Luke 1:1–4
1Since many have undertaken to set down an orderly account of the events that have been fulfilled among us, 2just as they were handed on to us by those who from the beginning were eyewitnesses and servants of the word, 3I too decided, after investigating everything carefully from the very first, to write an orderly account for you, most excellent Theophilus, 4so that you may know the truth concerning the things about which you have been instructed.
Theological Perspective
It is a commonplace among Christians to regard the ancient texts of the New Testament as a transcendent source of revelation, a promise of salvation given under divine inspiration or intentionality, addressed to all human beings to reveal the faith. Yet even if we take the inspired character of the Gospels on faith, we do not forget that its texts—transcendent to a community of believers—are also historical documents, inscribed by human beings in the earliest moments of Christianity to deal with the tangled and conflictual tasks of church building, in lieu of well-settled doctrine, liturgy, or traditions. Considering this historicity, we must wonder at the opening of the Gospel of Luke with its dedication to a single person—a certain Theophilus. Brief reflection on the four-verse frame of this opening pericope—built around Luke’s address to Theophilus—tells us something about Luke’s skeletal theological method.

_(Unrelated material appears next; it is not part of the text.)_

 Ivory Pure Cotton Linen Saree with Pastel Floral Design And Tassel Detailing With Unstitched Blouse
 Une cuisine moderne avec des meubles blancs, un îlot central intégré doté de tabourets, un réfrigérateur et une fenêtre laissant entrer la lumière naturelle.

Who was Theophilus? His name appears at the opening of Luke, as well as that of its sequel, the Acts of the Apostles. However, we get precious little information on him. He might have been a real person, though centuries of exegesis, historical research, and archaeology have not revealed the identity of a historical Theophilus, any more than of a historical Luke. The alternative is that Theophilus is a figure of speech—a fictive character whose Greek name means “lover of God,” perhaps in the double-genitive sense of one who both loves God and is beloved of God.
To which reading do we incline? The Lukan author tells us only that Theophilus is a “most excellent” disciple, presumably in Luke’s circle, who has “been instructed” in the matters of his nascent faith, and that this Gospel was written so that Theophilus “may know the truth” more thoroughly than even his prior catechism (katēchēsis) had allowed. If Theophilus is a figural addressee, it follows that Luke—poetically, playfully—is pitching his opener to you: You, dear reader, are Theophilus, the “most excellent,” beloved-lover of God who is instructed, but yet incompletely. You are the Theophilus who needs to read this Gospel. Whether “Theophilus” was a budding early Christian, or a literary artifice to make us identify with the turns of his Gospel, Luke promises “him” nothing less than a true history of the Christian movement. In the long, solitary sentence spanning this short pericope, Luke gives us a taste of the dynamics of revelation, testimony, and theological traditioning that assured the place of this third of the four canonical Gospels in the history of Christianity.
Addressing Theophilus, Luke seems almost to be apologizing for throwing his lot into what has apparently become a cluttered field of early Jesus-movement histories. Yet his apology is necessary, for evidently early Christian teaching is still quite shaky in Luke’s view, and needs “an orderly account of the events that have been fulfilled among us” (v. 1). The rhetoric of the English/NRSV translation understates the more phenomenologically charged Greek language. The operative Greek verb in this verse (peplērophorēmenōn) is usually translated as “accomplished,” “fulfilled,” or “believed.” However, the compounding of plēro (“utterly, superlatively”) with phorēmenōn (“luminous or manifest event”) suggests that the events (pragmatōn) in question are not everyday sorts of happenings, but divine practices, originating in a transcendent source, and becoming realized in the phenomenal world. This is not the highly incarnate Gospel of John—with its lyrical declaration (John 1:1) that “in the beginning was the Word, and the Word was with God, and the Word was God.” Nevertheless, Luke’s first verses do likewise state that the theme of his Gospel is the spectacular revelation of God’s incarnation.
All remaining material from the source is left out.